The second act was rather protracted with this book. It runs over one thousand and sixty pages, which is a lot. The first few chapters had me, and then there is just a lot of middle with this thing. You have the heroic railroad magnate Dagny Taggart and her fellow industrialist friends beset by a lot of stupid, softhearted socialist types. That's basically it. They struggle for the right to do business for profit instead of for some misguided notion of altruism. Oh, and the angular, handsome Dagny hooks up with a bunch of her colleagues (not that I begrudge her that).
The book goes on like that, chapter after chapter. It gets rather repetitive, I must say. The gifted people quit, over and over again. The remaining ones strive towards their goals only to suffer setbacks. Everybody talks for pages at a time without interruption, with the most egregious example taking up something like sixty or seventy pages, as I think I mentioned previously. It's a lot to take. It's no wonder I failed once, or that it took me so long this time.

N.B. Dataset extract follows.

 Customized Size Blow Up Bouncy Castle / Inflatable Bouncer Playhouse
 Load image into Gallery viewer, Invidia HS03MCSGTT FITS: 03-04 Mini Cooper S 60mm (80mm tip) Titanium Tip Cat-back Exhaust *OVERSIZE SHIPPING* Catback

Still, there's a lot in it that I like. The message has some merit to it (which is why it's a shame the book isn't tighter. It scares people off). The story is actually compelling. I found myself rooting for Dagny and the rest, hating her brother James and his ilk. I was heavily invested, and I would recommend the book to those who I think could handle it. That's not many people, but then I have no stake in who reads it. If Ayn Rand's estate offers me a bounty, I'll get more aggressive.